Newcombe v O'Connor & O'Connor[2022] QDC 19

DISTRICT COURT OF QUEENSLAND

CITATION:

Newcombe v O'Connor & O'Connor [2022] QDC 19

PARTIES:

DENISE NEWCOMBE

(Plaintiff)

v

CAROLYN O'CONNOR

(First Defendant)

AND

TIMOTHY O'CONNOR

(Second Defendant)

FILE NO:

2769/21

DIVISION:

Civil

PROCEEDING:

Application

ORIGINATING COURT:

Brisbane District Court

DELIVERED ON:

19 January 2022 (ex tempore)

DELIVERED AT:

Brisbane

HEARING DATE:

19 January 2022

JUDGE:

Porter QC DCJ

ORDERS:

  1. The application filed 22 October 2021 is dismissed.
  2. The plaintiff shall pay defendants’ costs of the application on the standard basis.

CATCHWORDS:

CIVIL PROCEDURE – LIMITATIONS OF ACTIONS – TORT – DEFAMATION – Application for an extension of the limitation period – Whether it was reasonable for the plaintiff to have not commenced an action within the limitation period – Whether pre-litigation steps towards alternative dispute resolution gives rise to reasonable grounds for an extension to the limitation period. 

LEGISLATION:

Limitation of Actions Act 1974 (Qld), ss 32A 10AA

Defamation Act 2005 (Qld) Part 3

CASES:

Noonan v MacLennan [2010] QCA 50

Carey v Australian Broadcasting Corporation [2012] NSWCA 176

Ahmed v Harbour Radio Pty Ltd (2009) 180 FCR 313

Pingel v Toowoomba Newspapers Pty Ltd [2010] QCA 175

Robertson v Hollings [2009] QCA 303

Carey v Australian Broadcasting Corporation (2012) NSWLR 90

COUNSEL:

M. White for the Plaintiff 

R. Anderson for the First and Second Defendants

SOLICITORS:

Clutch Legal for the Plaintiff

Bennett & Philip Lawyers for the First and Second Defendants

  1. [1]
    This is an application by the plaintiff for an extension to the limitation period for filing a claim for defamation under section 32A of the Limitation of Actions Act 1974 (Qld) (the Act). 
  2. [2]
    Section 10AA of the Act provides that the limitation period for the commencement of proceedings for a cause of action for the tort of defamation is one year from the date the cause of action accrued.  Section 32A provides the Court with the power to extend that time.  The version of s. 32A, by agreement of counsel, is a historical version of the provision, not the current version.  That provision, it is agreed by counsel, relevant to these proceeding, is the provision as set out in paragraph 10 of Mr White’s outline of argument.
  3. [3]
    It is with some gratitude to Mr White that I can summarise principles that have been articulated as broadly relevant to the approach to that section as follows: 
    1. (a)
      The onus rests on the plaintiff to satisfy the Court that it was not reasonable in the circumstances for them to have brought proceedings within the limitation period.[1]
    2. (b)
      The Court must be satisfied on the evidence and does not have a discretion to extend the time on grounds of fairness or where it may be just and reasonable to do so.[2]
    3. (c)
      To this end, it has been said that the plaintiff’s excuse for not commencing the proceedings within the limitation period, the merits of the plaintiff’s claim, and any prejudice the plaintiff may suffer on account of the court not granting the extension sought are not relevant considerations for the court.
    4. (d)
      The words ‘not reasonable in the circumstances’ place a high onus on the plaintiff to show that a reasonable person in the plaintiff’s position would not have commenced the action within the time period.
    5. (e)
      The test is not whether it was reasonable for the plaintiff not to have commenced within time, but whether it would not have been reasonable for the plaintiff to have commenced in the time specified.

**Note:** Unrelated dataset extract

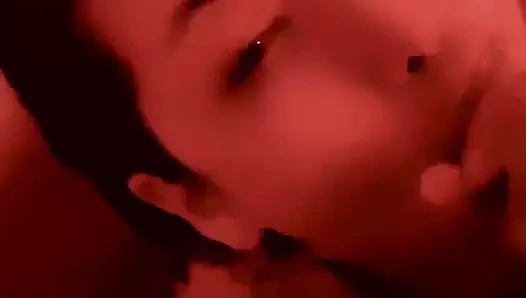 Çok güzel oral seks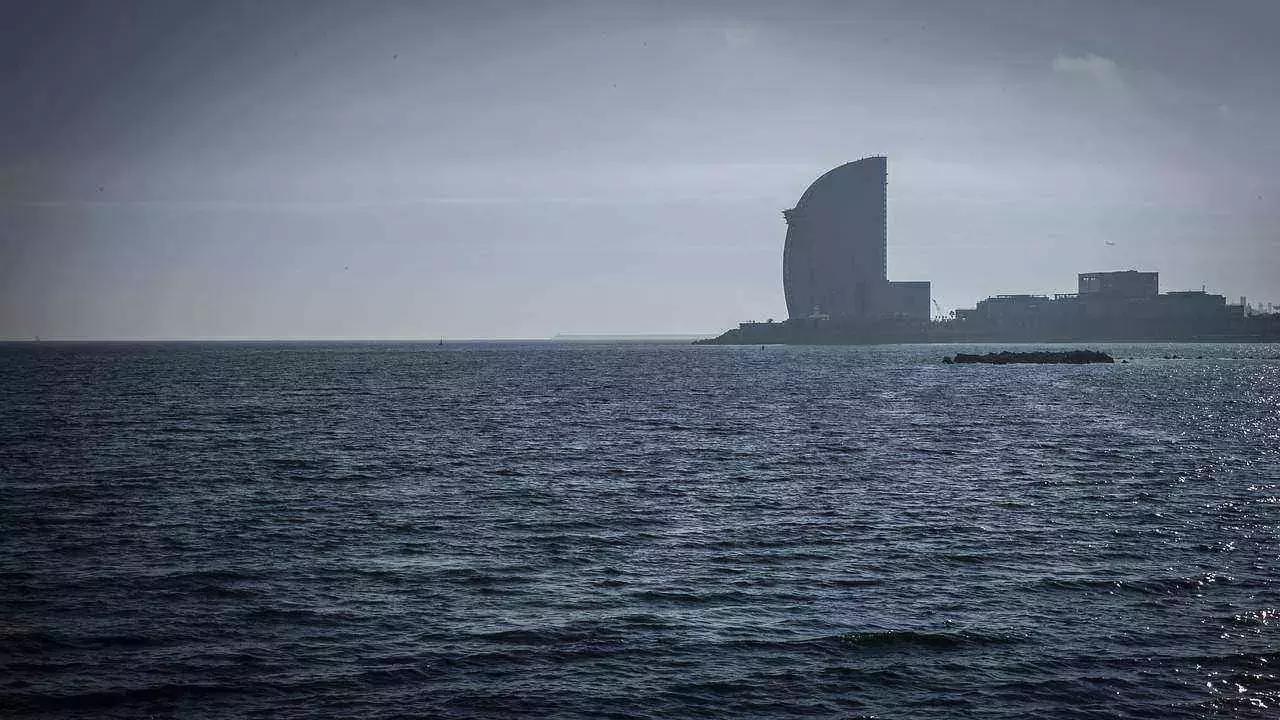 Se non vuoi andare troppo lontano, una delle destinazioni classiche è Barcellona: mare e movida.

This has been described as a higher threshold to overcome.[3]
    6. (f)
      ‘The circumstances’ refer to the objective circumstances as they appear to the court and not the circumstances the plaintiff believed, however, unreasonably to exist. The plaintiff’s ignorance as to the limitation period is not a reasonable basis for not commencing proceedings.[4]
    7. (g)
      Only in relatively unusual circumstances will a court be satisfied that it was not reasonable to seek to vindicate the plaintiff’s rights in accordance with the law within the time period stipulated.[5]
    8. (h)
      The circumstances must be so compelling as to make it positively unreasonable for a person defamed not to exercise his or her legal rights to sue within the statutorily designated period.[6]
    9. (i)
      It has been held that the test is not satisfied where a plaintiff fails to take legal advice within the limitation period to be advised of the time limit.
    10. (j)
      It would not be reasonable for a plaintiff to commence proceedings within the limitation period if they are unable to prove the extent of the defamation, or one or more of the elements of the cause of action, within the limitation period.[7]
    11. (k)
      If the plaintiff does not know of the existence of the publication or cannot prove the publication until after the limitation period has expired, it would not be reasonable in the circumstances to commence proceedings.[8]
    12. (l)
      The onus will be difficult to meet where the plaintiff knows of the publication and chooses not to sue or does not sue. It is relevant what the plaintiff did and why the plaintiff did not commence proceedings within the limitation period.[9]
    13. (m)
      If, however, the plaintiff is able to satisfy the court as to the reasonableness of his or her failure to commence proceedings within the limitation period, the court must grant an extension, although the period of such an extension remains in the discretion of the court.[10]
  4. [4]
    Mr Anderson QC accepted the correctness of those propositions. 
  5. [5]
    It is important to keep firmly in mind that the question for the Court is not whether it was reasonable to commence the proceedings outside the one-year limitation period, but rather whether it was not reasonable, in the circumstances, for the plaintiff to have commenced the action within the one-year period.
  6. [6]
    A distinction which I think has some relevance, and which I also bear particularly in mind, is that the onus is on the plaintiff to persuade the Court that its power should be exercised and that the Court of Appeal in Pingel v Toowoomba Newspapers Pty Ltd [2010] QCA 175 and Noonan v MacLennan [2010] QCA 50 have made clear that limitation periods broadly are there for a purpose and should not be avoided except for good reason, and that the test that it is not reasonable in the circumstances places a high onus on the plaintiff to show a reasonable person in their position would not have commenced the action within the statutory year.
  7. [7]
    The plaintiff is a breeder of German Shorthaired Pointer dogs.  She has registered on the Dogs Queensland Breeder Register and has a registration name of “Delaquois”. There is a profile for Delaquois on the Dogs Queensland website with her name and contact details.
  8. [8]
    In around August 2019, Ms O'Connor, the first defendant, bought a German Shorthaired Pointer and called it Odin.  Between June 2020 and June 2021, the first and second defendant made various posts on a Facebook group.  The Facebook group was the German Shorthaired Pointers – Australia group (“the GSP Australia Facebook group”). 
  9. [9]
    Posts were allegedly made on at least eight different days, variously, by one or other of the defendants.  There were posts, importantly, on 17 June 2020 and the principal statements complained of are articulated in paragraph 7(a) of the statement of claim as follows:
    1. (i)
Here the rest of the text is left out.